Two-Dimensional Nonlinear Seismic Response and Basin-Edge Effect in the Afyonkarahisar Central Basin
摘要
This study examines the dynamic seismic response of the Afyonkarahisar city center basin, situated within the seismically active Afyon–Akşehir Graben in western Turkey. The basin, approximately 250 m deep and 10 km wide, is composed of low-velocity Quaternary alluvial deposits overlying high-velocity Paleozoic bedrock, creating a pronounced velocity contrast that affects seismic wave propagation. Geological and geotechnical properties were characterized through borehole logs, geophysical surveys, and laboratory tests.
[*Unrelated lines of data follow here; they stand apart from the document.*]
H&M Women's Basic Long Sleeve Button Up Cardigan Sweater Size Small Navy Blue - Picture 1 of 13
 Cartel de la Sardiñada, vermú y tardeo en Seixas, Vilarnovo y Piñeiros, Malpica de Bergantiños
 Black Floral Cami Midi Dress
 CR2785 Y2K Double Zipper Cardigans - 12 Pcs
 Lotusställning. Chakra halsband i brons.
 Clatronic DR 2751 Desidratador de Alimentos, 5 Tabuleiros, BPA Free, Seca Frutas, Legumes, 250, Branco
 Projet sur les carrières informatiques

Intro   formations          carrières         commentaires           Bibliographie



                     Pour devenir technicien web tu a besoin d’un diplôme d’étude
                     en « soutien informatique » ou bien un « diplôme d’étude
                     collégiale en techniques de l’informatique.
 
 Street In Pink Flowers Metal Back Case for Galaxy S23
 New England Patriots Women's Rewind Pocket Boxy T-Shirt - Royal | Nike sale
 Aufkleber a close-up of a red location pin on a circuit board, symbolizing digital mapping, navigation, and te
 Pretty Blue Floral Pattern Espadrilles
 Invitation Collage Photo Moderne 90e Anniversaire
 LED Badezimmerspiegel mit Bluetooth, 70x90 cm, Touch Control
A two-dimensional nonlinear seismic response model was developed along an east–west cross-section derived from topographic and geological data, incorporating slope variations and bedrock depth changes. An adaptive finite element mesh was applied near steep slopes to capture complex phenomena such as diffraction and focusing, while free-surface and absorbing boundary conditions minimized artificial reflections. Two real earthquake records were used: the 2002 Sultandağı (Mw 6.5) and the 1995 Dinar (Mw 6.1) events, applied at the bedrock base to simulate low-amplitude (near-linear) and high-amplitude (nonlinear) site responses. Acceleration time histories were extracted from multiple basin locations, and peak ground acceleration (PGA) and spectral acceleration (SA) values were computed. Results reveal significant spatial variability in amplification, controlled by basin geometry, alluvial thickness, and input motion characteristics. For smaller-magnitude motions, amplification was greater at the basin center, whereas for larger magnitudes, edge amplification dominated due to wave trapping, diffraction, and lateral interference. These findings highlight the need to jointly consider earthquake magnitude, site geology, and basin-edge effects in seismic hazard assessments, with special attention to edge zones in engineering design for similar sediment-filled basins.